Yu conheceu Lu, um agricultor de 62 anos de Daxing Village, na cidade de Shenyang, província de Liaoning, também no hospital da prisão de Benxi, no final de 2016.

Lu Yuanfeng antes da perseguição (Minghui.org)

Lu acabara de ser torturado muito severamente, inclusive sendo eletrocutado por 45 minutos com tacos de choque elétrico de alta voltagem e sendo colocado em confinamento solitário. Depois que o médico descobriu que ele sofria de hipertensão e de que ela estava perigosamente alta, ele foi enviado para o hospital.

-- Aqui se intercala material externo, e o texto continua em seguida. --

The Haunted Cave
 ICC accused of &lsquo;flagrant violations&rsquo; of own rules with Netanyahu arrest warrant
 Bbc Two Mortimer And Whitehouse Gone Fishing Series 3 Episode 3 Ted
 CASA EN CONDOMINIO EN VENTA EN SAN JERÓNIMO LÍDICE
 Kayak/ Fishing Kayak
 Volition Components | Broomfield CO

Depois de aprender sobre a situação de Lu, Yu sugeriu que Lu escrevesse o processo de sua tortura e fizesse uma queixa formal contra seus torturadores, o que ele fez.

Carteira de identidade, carta manuscrita e uma foto de Lu Yuanfeng:

Na sua queixa por escrito contra Jia Changhai (número de identificação da polícia: 2151227), chefe da Brigada de Educação e Disciplina da Ala nº 2 da Prisão de Benxi, Lu escreveu:

“Às 9h do dia 9 de novembro de 2016, o réu Jia Changhai ordenou que Wang Kebin me levasse ao Departamento de Educação e Disciplina da Ala No. 2. Depois que entrei no escritório, Jia Changhai perguntou se eu ainda acreditava no Falun Gong. Eu disse sim. Então Jia Changhai e outro guarda da polícia, Niu Dai, algemaram minhas mãos nas minhas costas, apertaram-me no chão e chocaram minhas costas, peito, cabeça e mãos por mais de dez minutos, até que a bateria acabou. Sofri continuamente, minhas costas não paravam de doer. Durante todo o processo, Niu estava pisando na minha cabeça.”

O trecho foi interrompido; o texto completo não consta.